Europe is the source of the next big shake-up in banking regulation, with the European Green Deal at its centre – and the prospect of rich opportunities. By Justin Pugsley. 

What is happening?

The next revolution in regulation has started and this time banks are much more welcoming, as it may present a cornucopia of new business opportunities to rejuvenate a struggling industry.

Reg Rage Zen

The EU is embarking on a massive change to its economy, and the Covid-19 pandemic has placed these ambitions on steroids. The European Green Deal sits at the heart of this great recovery plan and the recently agreed €750bn rescue package for EU member states, which includes a mix of cheap loans and grants, has ‘sustainability’ baked into its objectives. In short, the green deal aims to mobilise a staggering €260bn every year for a decade to build new green infrastructure – and banks, as capital allocators, have a crucial role to play. 

In an effort to capture the magnitude of those ambitions, the US-based private bank Brown Brothers Harriman described it as “not simply an Apollo programme, it’s an Apollo programme every year of the next decade. And that’s just for one pillar of the Green Deal.” 

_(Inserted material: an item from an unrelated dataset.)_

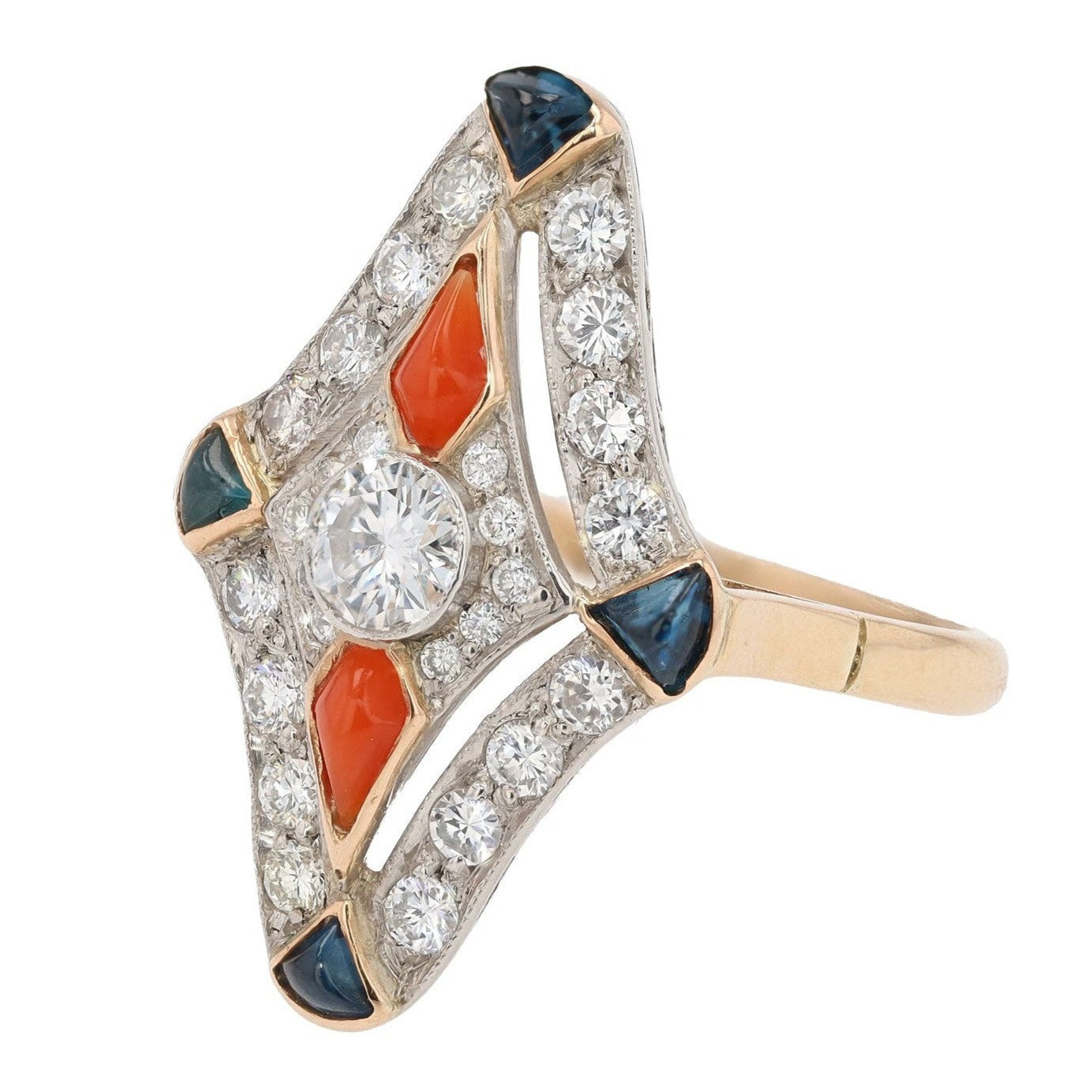 Vintage Art Deco Diamond Sapphire and Coral Cocktail Ring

The chief aim of this transition is to reach zero carbon emissions by 2050, which will require a radical rethink of economic activity. These green objectives are rapidly filtering their way into banking regulation and supervisory expectations. And even though the ‘E’ in environmental, social and governance (ESG) garners most of the attention, the ‘SG’ part also has major implications for banks, such as their management, their reporting, workforce diversity and how they treat customers. This will require banks to create new models, new data sets, definitions and methodologies. 

Why is it happening? 

The main reason for this change is because the EU leadership believes economic activity must become sustainable to respect the environment, which is reaching the limits of how much degradation it can survive. But it’s also an opportunity to fire up a sluggish European economy, set the global growth agenda and to place the EU at the centre of this global transformation. 

The US and China may have unrivalled technological prowess, but the EU has regulatory ascendency as the world’s largest market, which it intends to use to tilt global economic activity in its favour. 

What do the bankers say? 

Yes, ESG means banks making more changes to their governance and reporting structures – even rethinking their entire businesses – which requires yet more investment. However, unlike with the torrent of new rules that gushed into the sector following the 2007-09 global financial crisis, this particular regulatory shake-up may come with a bounty of business opportunities. Simply put, the Green Deal targets the entire economy and society. 

There’s the potential to create all kinds of new green financial and investment products: entire industries are going to need financial help to transition to low-carbon business models, while new industries emerge to fulfil new sources of demand. And for the fleet of foot there will be tremendous opportunities for ‘green’ financial innovation. 

Some bankers have also commented favourably on how the EU is threading together all its various ESG regulatory initiatives. For instance, there is the taxonomy regulation, which clarifies what is an environmentally sustainable activity and aims to eliminate ‘greenwashing’. This relates closely to amendments to the Benchmarks Regulation, which is to introduce a climate transition benchmark and an EU Paris-aligned benchmark. In turn, these will help underpin the EU’s green bond standard, which could ultimately replace all the various voluntary standards. 

Other crucial initiatives include the Disclosure Regulation, a review of non-financial reporting disclosures, the Shareholder Rights Directive II and Ecolabels for retail financial products. Meanwhile, ESG considerations are to be embedded in the Markets in Financial Instruments Directive II, the Undertakings for the Collective Investment in Transferable Securities and the Alternative Investment Fund Managers Directive.

All these regulations and amendments are a work in progress, with many not coming into force until late 2020 onwards. There are also plans for changes in prudential regulation.   

Will it provide the incentives?  

Whether or not the EU achieves its breathtaking green ambitions is another matter. Many an EU plan kicks off in a flurry of hyperbole only to disappoint later. However, it is clear that there is massive political, social and even business momentum behind these green initiatives, so if they miss the target it probably won’t be for lack of trying. Indeed, the EU does have some precedent in achieving the seemingly impossible – think of the euro, expanding to encompass 27 countries, and the creation of the single market. 

For banks, meanwhile, this economic transformation could turn out to be a massive opportunity, rather than just being another regulatory compliance headache.